» Work instructions
Once the pictures are set aside, copy the data below exactly as it stands.

» Supplied material
........

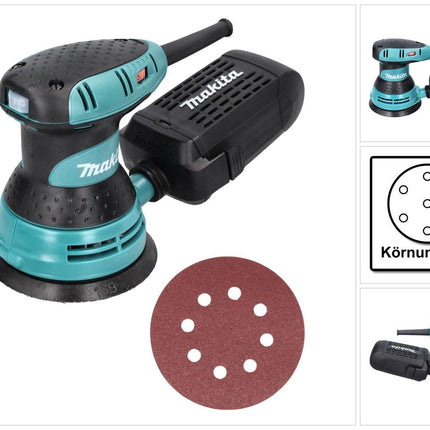 Makita BO 5031 Levigatrice rotorbitale 300 Watt 125 mm + 50x carta abrasiva K80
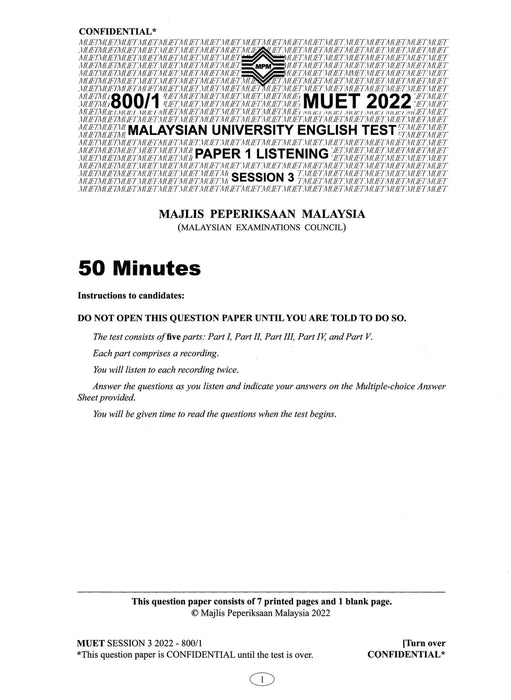 Collection of MUET Paper 2022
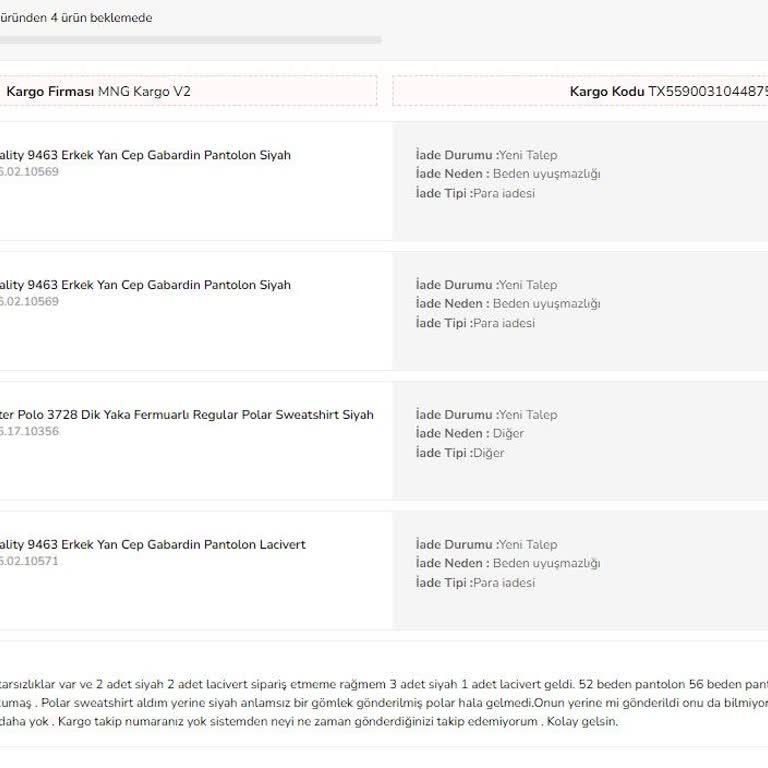 Çetinkaya Sitesi İade Ürünlerin Ödemesini Yapmıyor.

........

» Problem solution
 Makita BO 5031 Levigatrice rotorbitale 300 Watt 125 mm + 50x carta abrasiva K80
 Collection of MUET Paper 2022
 Çetinkaya Sitesi İade Ürünlerin Ödemesini Yapmıyor.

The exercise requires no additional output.